What Health Care Spending Means for Consumer Goods
19 January 2010 at 08:54 Leave a comment
The impac
t of the Great Recession of 2008/2009 is different than it appears just looking at total spending.
From total spending alone, the conclusion might be that while the spike in consumer spending associated bubble will fall back, the new trend line will still be robust. In other words, there was a bubble in binging, so the bust, when it finally settles out, will be nothing worse than a return to normal.
This is a misreading of the bubble.
As two recent analyses have shown, the boom in consumer spending during the 1990s and 2000s was not the result of binging on consumer goods. Instead, it was due to skyrocketing health care costs, primarily in the form of insurance premiums.
What these two economic analyses show is that spending on consumer goods has been relatively constant for decades. Maybe such spending would have been stronger if not for rising health care costs, but the squeeze on spending created by the recession is not wringing out waste. Rather, it is cutting into essentials.
Published online in August 2009, these two analyses dissected the components of the spending boom. As can be seen below in a key chart from each, health care spending was the reason for the overall increase in spending.
See this chart from a post on the News N Economics blog, August 19, 2009:
And see this chart from an article in the Left Business Observer, August 2009:

As the Left Wing Observer noted:
“Medical spending accounted for almost a third of that rise [in consumer spending] between 1997 and 2008. Energy accounted for another third. Spending on goods accounted for just 3% of the rise, or 0.1 point. In other words, the familiar story that Americans went hog wild buying all kinds of stuff is wrong.”

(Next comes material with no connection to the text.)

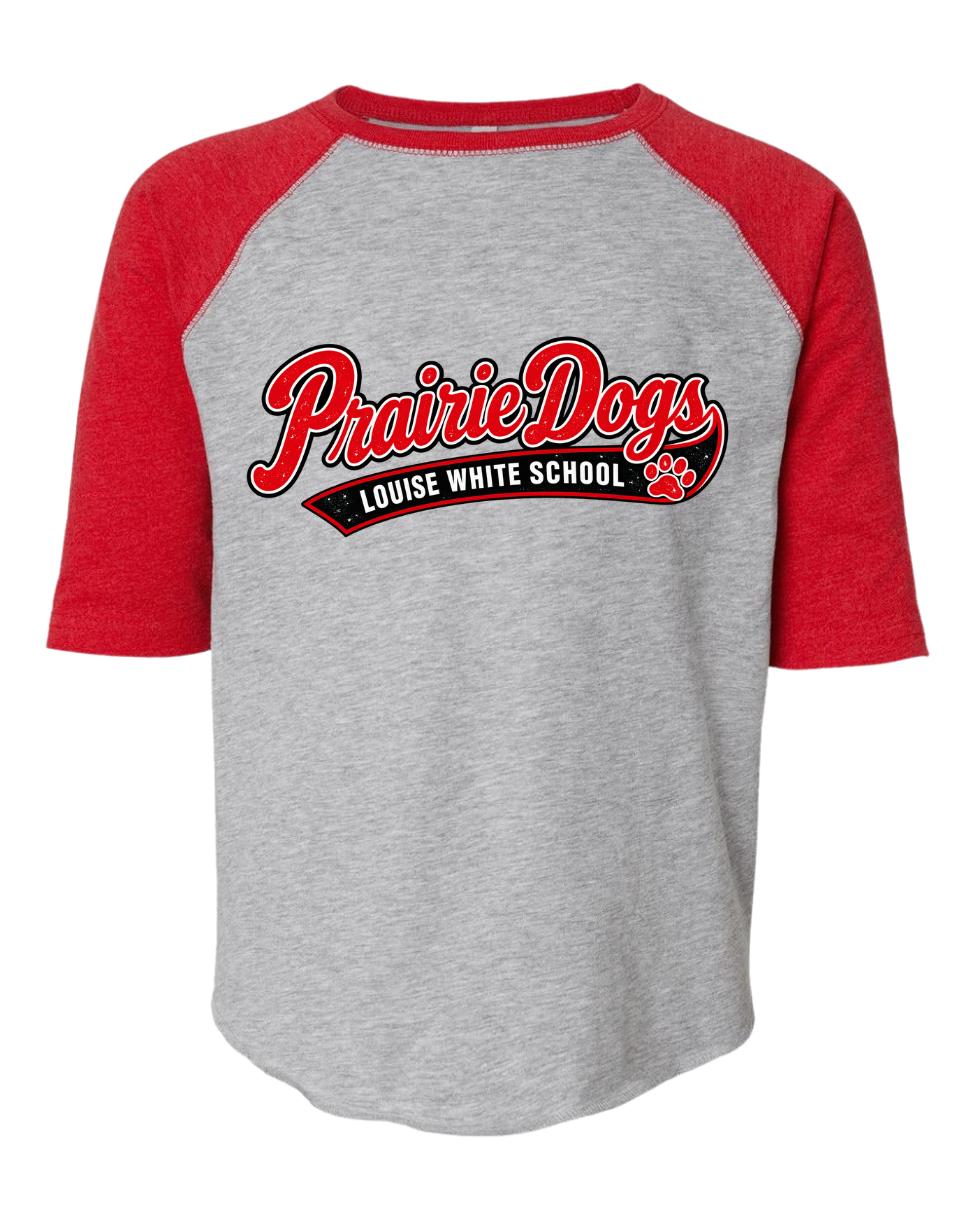 LW Youth/Adult Baseball Fine Jersey Three-Quarter Sleeve Tee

Not only does the spending rate need to be reassessed and refigured to account for health care spending, so does the saving rate. The Left Wing Observer again:
“Graphed below is the personal savings rate as reported along with how it would look had the medical bite out of after-tax income remained constant at 1991’s rate over the last 18 years. The bottom line: it would have declined much less dramatically into its 2005-6 lows, and would since have risen back to 1992 levels.”
Few analyses of consumer spending account for health care spending. Prognostications of where consumer spending is headed as the recovery takes hold must be properly calibrated. Three implications jump out.

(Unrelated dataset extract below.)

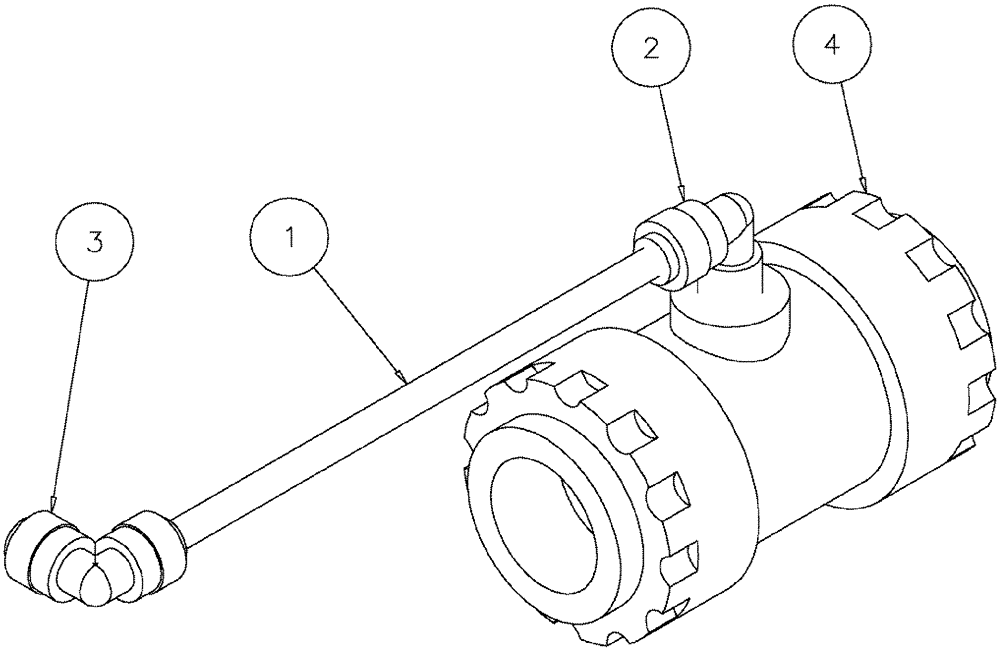 Схема запчастей Case IH 610 - (05-037) - NOZZLE STOP, LINE END GROUP Liquid Plumbing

First, recessionary pressures on consumer spending are more severe than total spending numbers suggest. Spending on consumer goods was not abnormally high during the boom, thus there is little fat to cut during the bust. The reduction in consumer spending due to the recession will precipitate some fundamental challenges for many brands.
Second, prioritization will be the driving dynamic of consumer behavior for the near future. This is one of the five key elements of the new value equation discussed in A Darwinian Gale. Once health care spending is factored out of total spending, it is apparent that consumers have little cushion in their finances. Obviously, they can’t keep buying as much as before, but they won’t be able to buy a little bit of everything either. Something has to give. Priorities have to be set. As discussed in detail in the Gale, this requires that a reworking of marketing objectives, a shift in research methods and a profound change in the character and scope of competition.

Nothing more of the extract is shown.